Exercise instructions: Drop the pictures from the entries below, then reproduce the rest exactly.

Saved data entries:

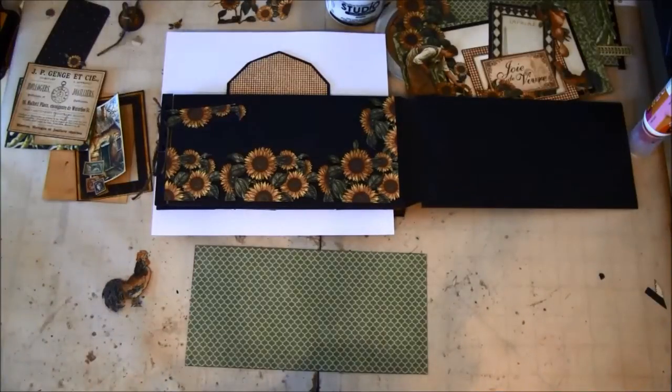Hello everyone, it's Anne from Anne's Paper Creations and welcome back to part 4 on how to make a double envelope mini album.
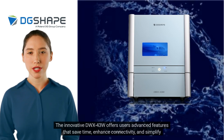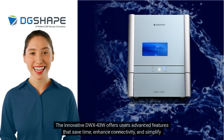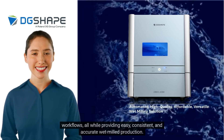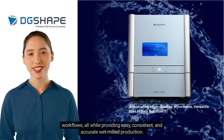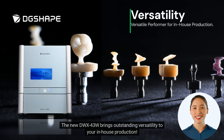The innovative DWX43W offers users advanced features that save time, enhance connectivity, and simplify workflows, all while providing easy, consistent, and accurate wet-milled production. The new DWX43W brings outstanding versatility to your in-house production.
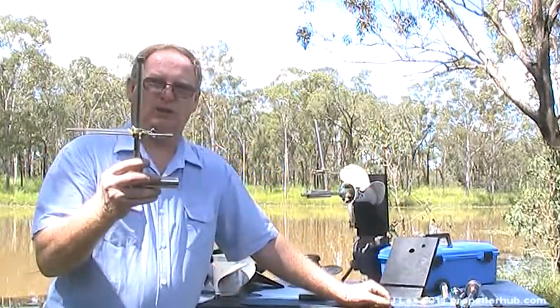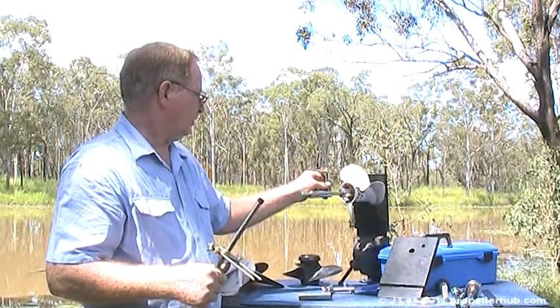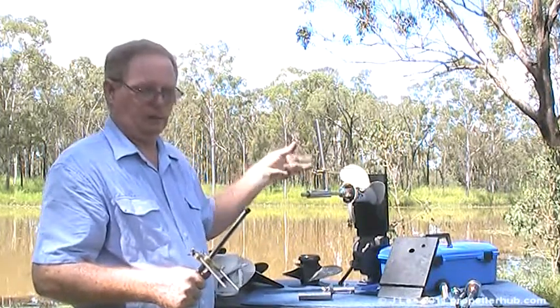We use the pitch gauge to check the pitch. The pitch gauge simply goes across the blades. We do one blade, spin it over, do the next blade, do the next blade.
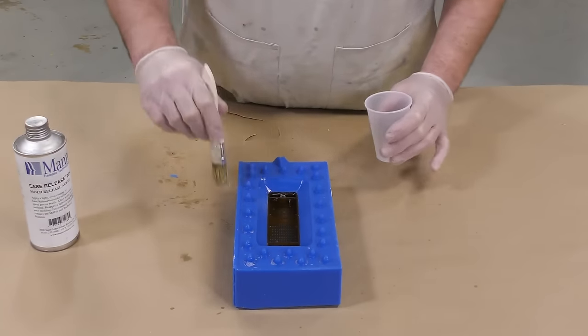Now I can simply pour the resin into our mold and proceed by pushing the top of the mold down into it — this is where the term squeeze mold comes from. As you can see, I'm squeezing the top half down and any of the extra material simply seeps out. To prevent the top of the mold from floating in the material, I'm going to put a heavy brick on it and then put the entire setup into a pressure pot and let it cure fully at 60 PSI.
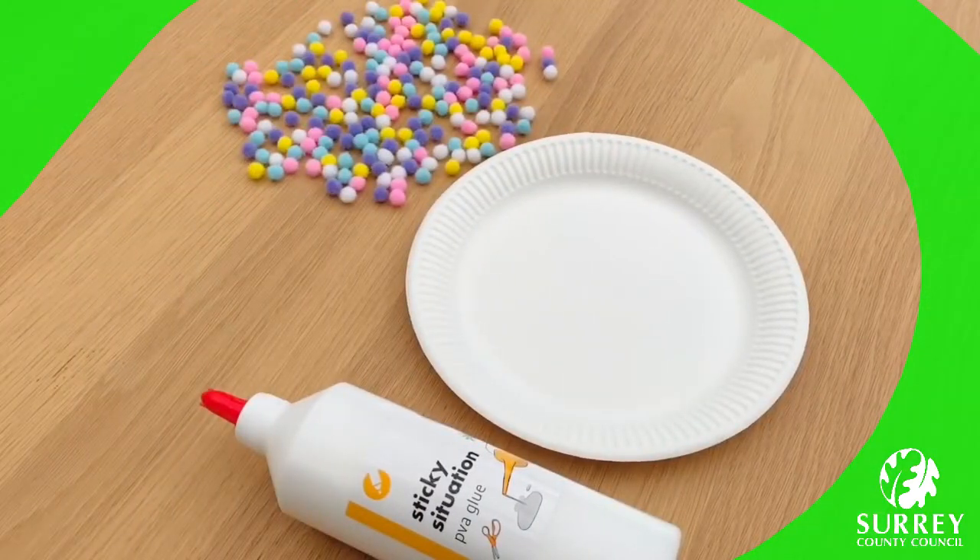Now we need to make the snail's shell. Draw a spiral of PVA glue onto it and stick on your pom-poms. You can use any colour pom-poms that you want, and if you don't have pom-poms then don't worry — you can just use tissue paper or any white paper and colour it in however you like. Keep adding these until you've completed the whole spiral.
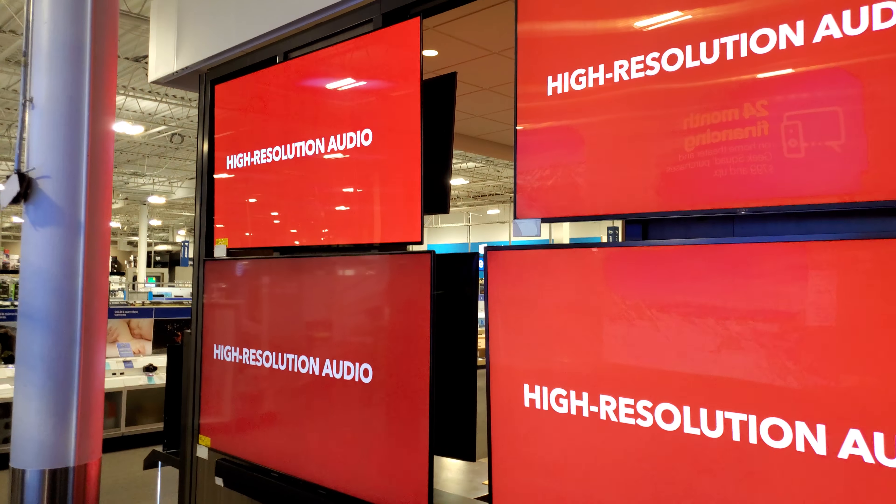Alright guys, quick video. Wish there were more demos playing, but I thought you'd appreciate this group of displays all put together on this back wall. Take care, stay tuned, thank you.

Written answer:
Hello everyone, it's Anne from Anne's Paper Creations and welcome back to part 4 on how to make a double envelope mini album.
The innovative DWX43W offers users advanced features that save time, enhance connectivity, and simplify workflows, all while providing easy, consistent, and accurate wet-milled production. The new DWX43W brings outstanding versatility to your in-house production.
We use the pitch gauge to check the pitch. The pitch gauge simply goes across the blades. We do one blade, spin it over, do the next blade, do the next blade.
Now I can simply pour the resin into our mold and proceed by pushing the top of the mold down into it — this is where the term squeeze mold comes from. As you can see, I'm squeezing the top half down and any of the extra material simply seeps out. To prevent the top of the mold from floating in the material, I'm going to put a heavy brick on it and then put the entire setup into a pressure pot and let it cure fully at 60 PSI.
Now we need to make the snail's shell. Draw a spiral of PVA glue onto it and stick on your pom-poms. You can use any colour pom-poms that you want, and if you don't have pom-poms then don't worry — you can just use tissue paper or any white paper and colour it in however you like. Keep adding these until you've completed the whole spiral.
Alright guys, quick video. Wish there were more demos playing, but I thought you'd appreciate this group of displays all put together on this back wall. Take care, stay tuned, thank you.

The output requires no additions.